Un’opera che non è semplicemente un esercizio di stile ma palesa il sentimento dell’artista, soprattutto nella stazione del Cireneo, rappresentato da un uomo di colore con al collo un medaglione con sopra scritto “razza umana”, che sorregge la croce e Gesù, “per colpa di questo razzismo di ritorno, credo che queste persone siano quelle che portano più di tutti la croce”.
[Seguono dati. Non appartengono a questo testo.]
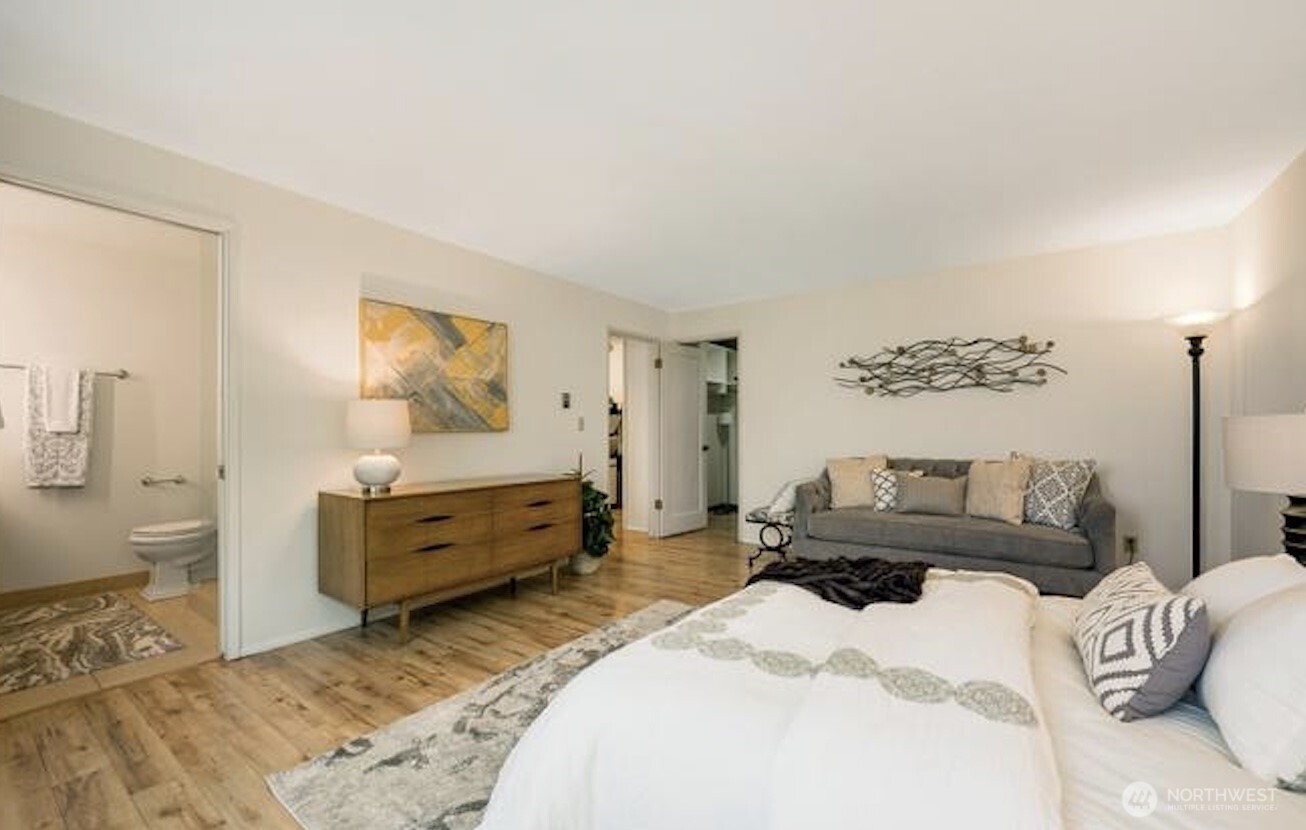 617 West Mercer Place, Unit 401 Seattle, WA 98119 - Photo 12 of 15 a bedroom with a bed and wooden floor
La Via Crucis è un modo per riscoprire il cammino che Gesù ha percorso prima di arrivare al Calvario, “un’esperienza che deve segnare la vita di ogni cristiano per comprendere l’amore incondizionato di Gesù per ciascuno di noi”, la dichiarazione di mons. Leuzzi che vede nelle 15 stazioni un’occasione per scoprire come ognuno ha un valore incondizionato davanti al Signore, oltre che il senso di responsabilità e servizio che siamo chiamati a donare ai nostri fratelli.
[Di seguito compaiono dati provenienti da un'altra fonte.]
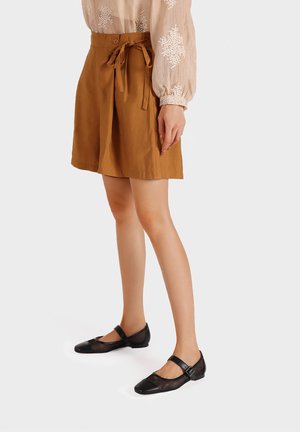 Gonna marrone di lunghezza fino al ginocchio con dettaglio in vita legato, abbinata a ballerine nere con accenti in rete e pelle.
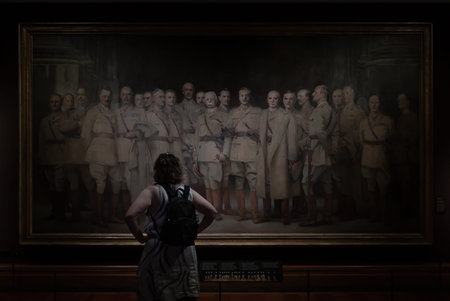 London, UK - Jul 12, 2025 - A person wearing a backpack is observing a large painting. The painting...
“L’arte è una via importante per far risplendere i sentimenti più profondi che sono nei nostri cuori”, ha proseguito il vescovo di Teramo-Atri che vede nella bellezza la possibilità di capire che “non possiamo mai sentirci arrivati ma siamo sempre chiamati a scoprire sempre di più le potenzialità e il mistero che si manifesta lungo la storia”.
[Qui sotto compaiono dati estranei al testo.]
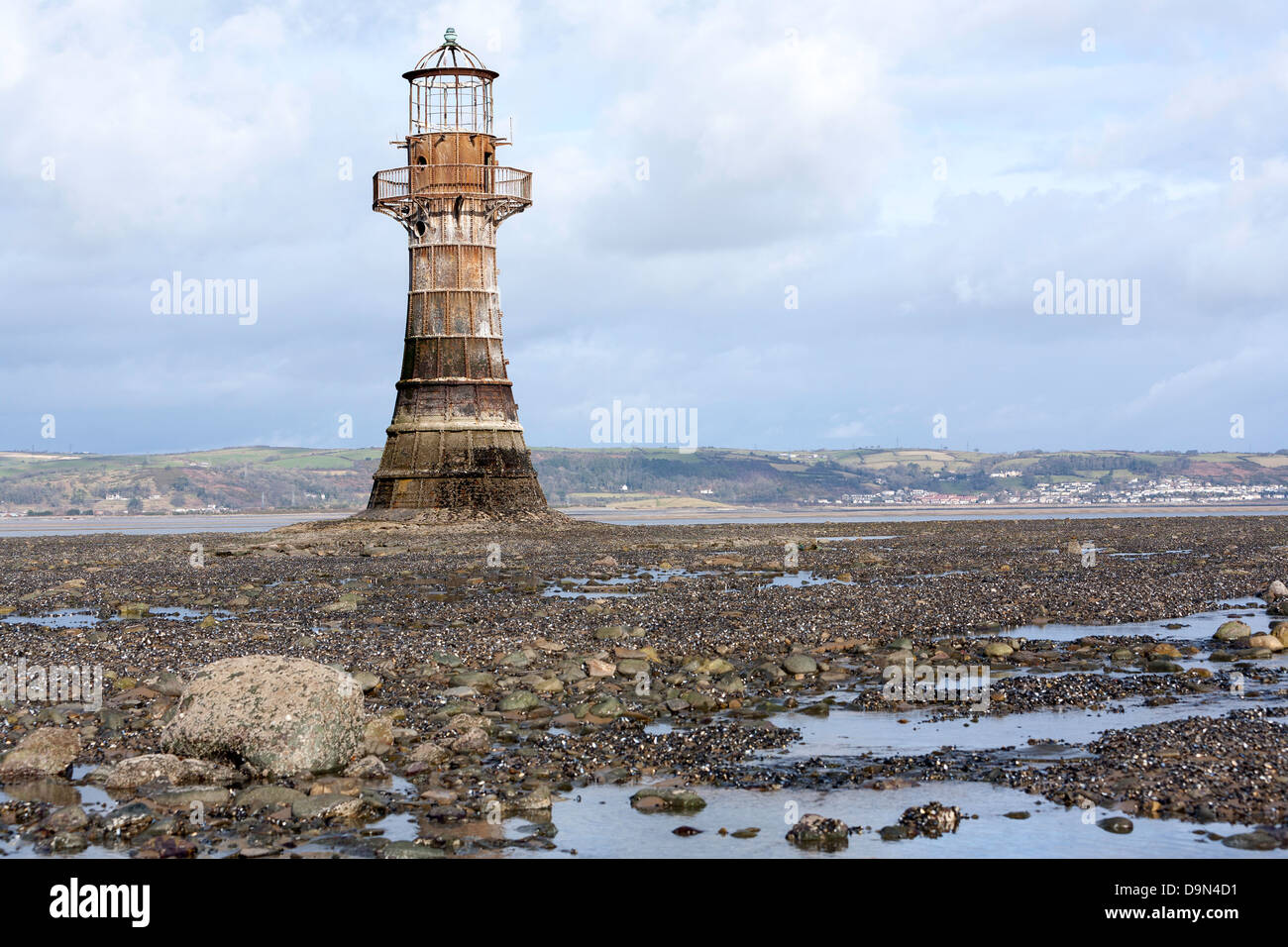 Cast iron lighthouse at Whiteford Point on the Gower Peninsula opposite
La bellezza al centro anche dell’intervento del procuratore capo di Teramo, Antonio Guerriero, che ha invitato tutti a lavorare in gruppo e proseguire in quella che ha definito la missione di Castelli dal 1500, cioè diffondere la bellezza esteriore ma anche interiore, non solo nella provincia di Teramo ma in Italia e in tutta Europa, come testimoniano i numerosi musei che raccolgono le opere del luogo.

“La bellezza non è solo un fatto estetico ma anche etico”, le parole di Guerriero che ha presentato la Via Crucis come l’emblema delle difficoltà della vita ma anche di come queste si possano superare, rispondendo al bisogno di giustizia dei più deboli, con il coraggio del cambiamento perchè “alla fine, se ce lo meritiamo, ci sarà una resurrezione”.

Anche il sindaco di Castelli, Rinaldo Seca, vede la resurrezione della sua cittadina come un cammino da condividere tutti insieme, lasciando da parte gli individualismi, “questo gesto filantropico così alto e importante rappresenta l’amore per questa comunità ma soprattutto la voglia di ricominciare insieme e riprendere un percorso tenendoci saldamente la mano l’uno a l’altro”.

L’importanza della Via Crucis per il paese è soprattutto nelle parole del parroco don Franco D’Angelo “questo è un dono che ci permette di continuare a scrivere la storia”, la dichiarazione del sacerdote che, nelle precise pieghe dell’opera, invita a notare la storia di ogni uomo e la possibilità del paese di tornare a testimoniare la sua grandezza, “non è solo ceramica ma cultura, capacità di poter vivere e donare la gioia di vita al mondo intero”.